But then said eye candy (or someone posing as him) decided to post a scathing comment to the blog. What a fool. The bitches picked up that stick and ran around the room with it. Go on, read the letter. I’ll wait.

Let me say it again–what a fool. Seriously. What was he thinking? If the person who left that comment isn’t Mr. Cover Model, then he’s possibly done some serious damage to Mr. Cover Model’s rep. If the person who left that comment is Mr. Cover Model…then dim bulb doesn’t even begin to describe him…

That’s all for tonight. I’m off to open a lovely bottle of Pinot Noir and finish reading Red Lily. (Thank you, Nora Roberts for being able to write such vivid characters and making it so that I am compelled to read 3 books in 3 days.
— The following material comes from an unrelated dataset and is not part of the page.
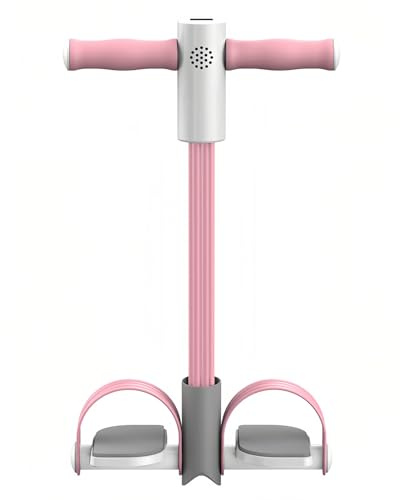 Adorila Corde de tension multifonction pour fitness, 6 tubes élastiques pour pédale, bande de résistance pour abdominaux, taille, bras, jambes (rose)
God I hope one day I can write like that…)

blogging catch up…

It’s the beginning of the month, and therefore my busiest time at the office. I tend to be fairly absent from the blogosphere during the first week of the month, and this week has been no exception. My apologies to everyone who has been waiting with bated breath for my next post.

Lucky for y’all, you won’t have to wait any longer…

Do you guys ever watch Maury Povich? I mean, sit down and really watch the show? I don’t either…usually. But that changed Monday afternoon. Maury was doing another ‘baby daddy’ show where the momma is convinced the her ex-husband-who’s-shackin’-up-with-that-skanky-ho is the baby daddy. And Maury sits next to momma and pats her knee and talks to her in his serious voice as the ex-husband and the skanky ho sit across from them yelling vulgarities…while Maury reads the paternity results. And wouldn’t you know it? The ex-husband-who’s-shackin’-up-with-that-skanky-ho is not the baby daddy.

Chaos and drama follows while the momma runs off stage and the skanky-ho yells more vulgarities and the ex-husband celebrates.

Same ol’, same ol’, right?

Not this week…because Maury and momma were testing man #17 to find out if he was in fact, the baby daddy.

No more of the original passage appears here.